From the records below, output exactly the lines running from the line containing "For example, we" through the line containing "To begin, log", and no others.
-- Recorded information follows --
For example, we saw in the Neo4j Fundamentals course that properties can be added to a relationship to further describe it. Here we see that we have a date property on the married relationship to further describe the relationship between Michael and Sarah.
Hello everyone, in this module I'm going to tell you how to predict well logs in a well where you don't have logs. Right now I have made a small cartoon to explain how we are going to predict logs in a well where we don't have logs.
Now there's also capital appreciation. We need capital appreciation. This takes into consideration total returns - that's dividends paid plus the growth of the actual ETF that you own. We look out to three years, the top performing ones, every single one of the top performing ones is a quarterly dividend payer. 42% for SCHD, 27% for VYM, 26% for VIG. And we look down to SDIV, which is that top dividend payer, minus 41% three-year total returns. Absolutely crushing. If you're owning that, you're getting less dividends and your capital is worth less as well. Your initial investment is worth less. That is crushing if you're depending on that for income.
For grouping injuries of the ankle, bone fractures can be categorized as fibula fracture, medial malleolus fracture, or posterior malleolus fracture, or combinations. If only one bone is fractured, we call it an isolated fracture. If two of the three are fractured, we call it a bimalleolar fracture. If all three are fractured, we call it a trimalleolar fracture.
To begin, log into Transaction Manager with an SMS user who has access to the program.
-- Recorded information concluded --
-- Recorded information follows --
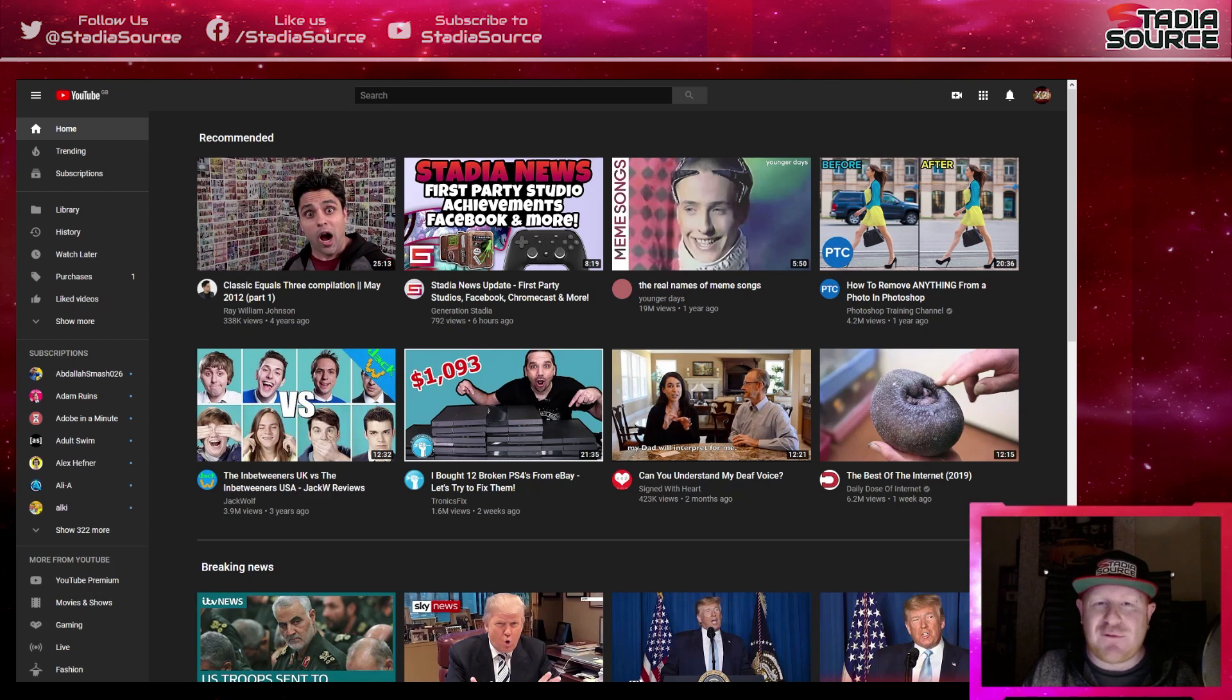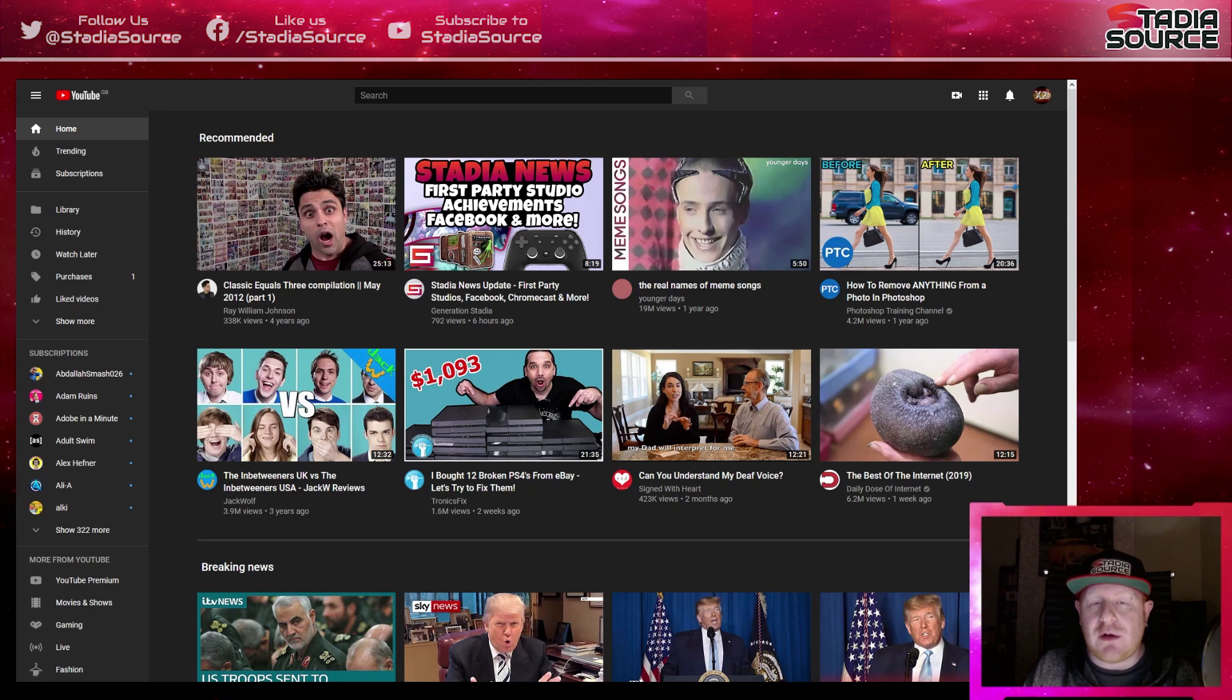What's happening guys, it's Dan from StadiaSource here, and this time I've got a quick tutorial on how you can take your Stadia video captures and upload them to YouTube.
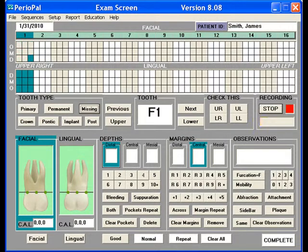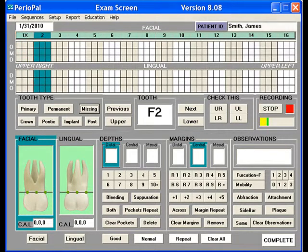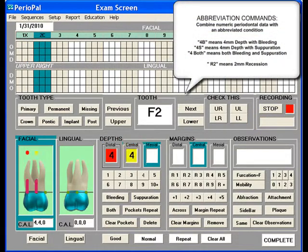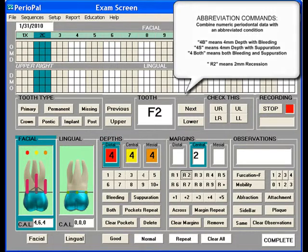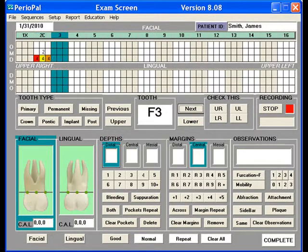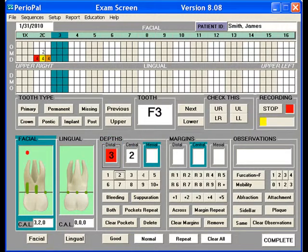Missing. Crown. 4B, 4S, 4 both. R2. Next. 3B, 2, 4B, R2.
-- Recorded information concluded --
-- Recorded information follows --
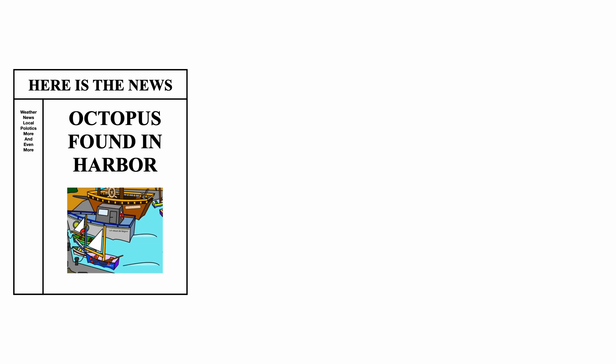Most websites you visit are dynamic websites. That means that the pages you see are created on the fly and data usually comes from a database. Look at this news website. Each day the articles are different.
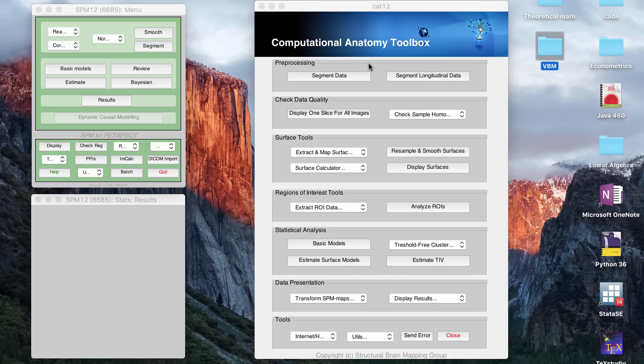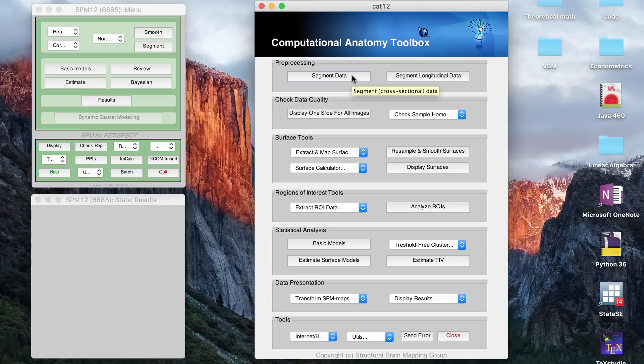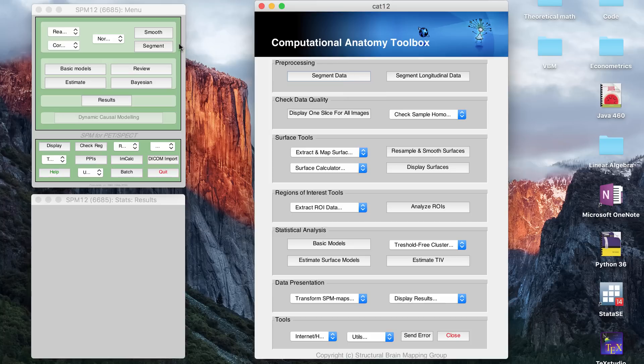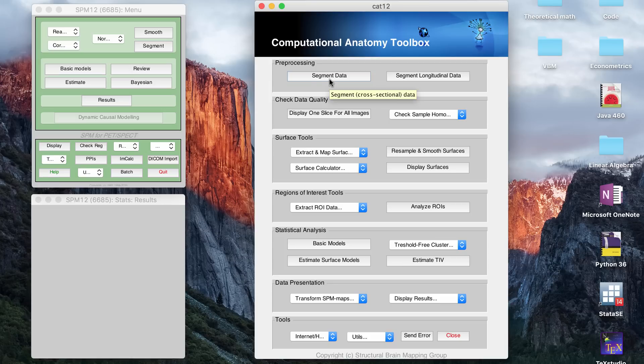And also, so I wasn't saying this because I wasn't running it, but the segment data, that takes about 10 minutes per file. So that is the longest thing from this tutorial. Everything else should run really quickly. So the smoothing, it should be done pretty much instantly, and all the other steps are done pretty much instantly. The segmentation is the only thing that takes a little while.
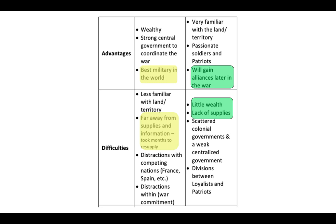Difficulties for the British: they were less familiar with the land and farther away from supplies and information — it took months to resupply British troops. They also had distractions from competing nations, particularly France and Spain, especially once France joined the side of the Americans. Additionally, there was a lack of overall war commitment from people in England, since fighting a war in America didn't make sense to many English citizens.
-- Recorded information concluded --
(Output of the exercise)
For example, we saw in the Neo4j Fundamentals course that properties can be added to a relationship to further describe it. Here we see that we have a date property on the married relationship to further describe the relationship between Michael and Sarah.
Hello everyone, in this module I'm going to tell you how to predict well logs in a well where you don't have logs. Right now I have made a small cartoon to explain how we are going to predict logs in a well where we don't have logs.
Now there's also capital appreciation. We need capital appreciation. This takes into consideration total returns - that's dividends paid plus the growth of the actual ETF that you own. We look out to three years, the top performing ones, every single one of the top performing ones is a quarterly dividend payer. 42% for SCHD, 27% for VYM, 26% for VIG. And we look down to SDIV, which is that top dividend payer, minus 41% three-year total returns. Absolutely crushing. If you're owning that, you're getting less dividends and your capital is worth less as well. Your initial investment is worth less. That is crushing if you're depending on that for income.
For grouping injuries of the ankle, bone fractures can be categorized as fibula fracture, medial malleolus fracture, or posterior malleolus fracture, or combinations. If only one bone is fractured, we call it an isolated fracture. If two of the three are fractured, we call it a bimalleolar fracture. If all three are fractured, we call it a trimalleolar fracture.
To begin, log into Transaction Manager with an SMS user who has access to the program.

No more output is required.